So Sunday and Monday I was at the first ever (co)lab, A Collaborative Leadership Summit in Atlanta with all sorts of Big Business sponsorship. It was to be the template for what is to go on in other cities to push this new economic/social vision for the future. Tom Friedman flew in to give the closing address and Sir Ken Robinson and Tony Wagner from Harvard were just two of the famous education reformers who laid out the ed component for getting to the new desired future. The Fulton County School District’s Conversion Charter that I have been so horrified by ever since I read it was featured as a key component of getting to this reimagined society. A woman by the name of April Rinne spoke on the collaboration, support economy of the future. And since she is also with the World Economic Forum’s Young Global Leaders, there’s our link of what Atlanta inaugurated and what went on a week earlier in Dalian, China (Sept 18, 2013 post).

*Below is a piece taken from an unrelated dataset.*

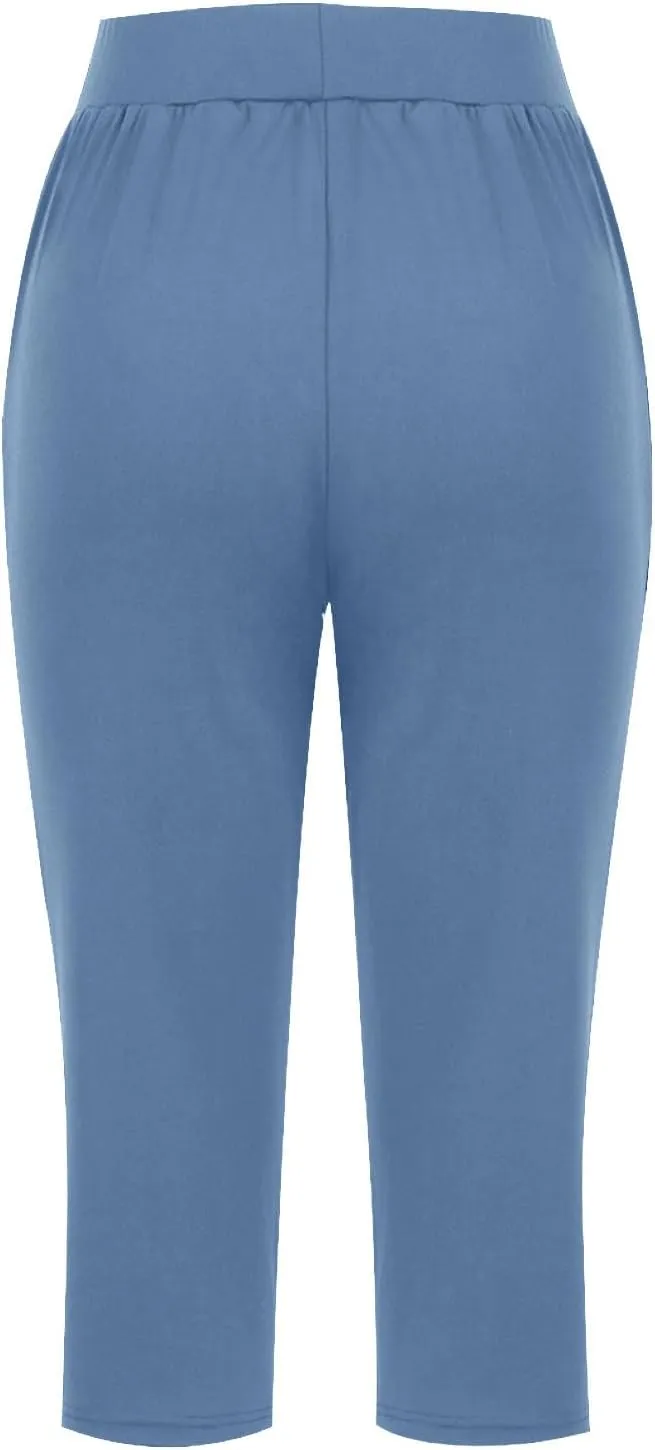 Hvyesh Capri Pants for Women Summer Business Casual Pull On Womens Capris with Pockets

When I went to look into the whole concept of collaborative leadership a bit more, I discovered it is being pushed hard globally by the same group that planned that Dalian conference.   http://www.managementexchange.com/hack/stone-soup-global-leadership-new-model-collaborative-leadership-address-today%E2%80%99s-global-challeng Ah, sustainability as the excuse for government control of the economy. That was another key component of the (co)lab vision of the future. I could spend the next few weeks laying out all the troubling aspects of what was presented as The Vision for Our Collective Future. Like it or not, here it comes. No more of an emphasis on the individual and making their own choices. This is an imposed vision and education with a curriculum of affect designed to make students either like it or simply accept it as inevitable. Hopefully though they will act to help make it so, completely unaware of what I laid out in the first few paragraphs of this post.

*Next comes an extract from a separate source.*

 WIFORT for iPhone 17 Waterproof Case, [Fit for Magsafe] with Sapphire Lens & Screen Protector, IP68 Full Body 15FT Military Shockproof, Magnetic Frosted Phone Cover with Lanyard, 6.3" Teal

I want to focus today on a comment in just one of the speeches. It was so inspiring to the audience the speaker got a standing ovation. I sat there in horror though wondering precisely what was coming at Atlanta and the rest of the country in the name of honoring Martin Luther King, Jr. Now I have encountered and written about so many examples of the communitarian mindsets the real Common Core implementation seeks to instill. So when the speaker, after pitching the need for all of us to develop empathy for all others so they no longer seem to be the ‘other’ and the need to ‘hold multiple truths’ at the same time (I wondered if maybe she had been listening to Robert Kegan describing his 4th Stage Consciousness or reading Psychosynthesis), then brought up the “blessed community,” I was very uneasy. She said (co)lab and what was being discussed there were supposed to help make Atlanta the “living embodiment of MLK’s ‘blessed community.”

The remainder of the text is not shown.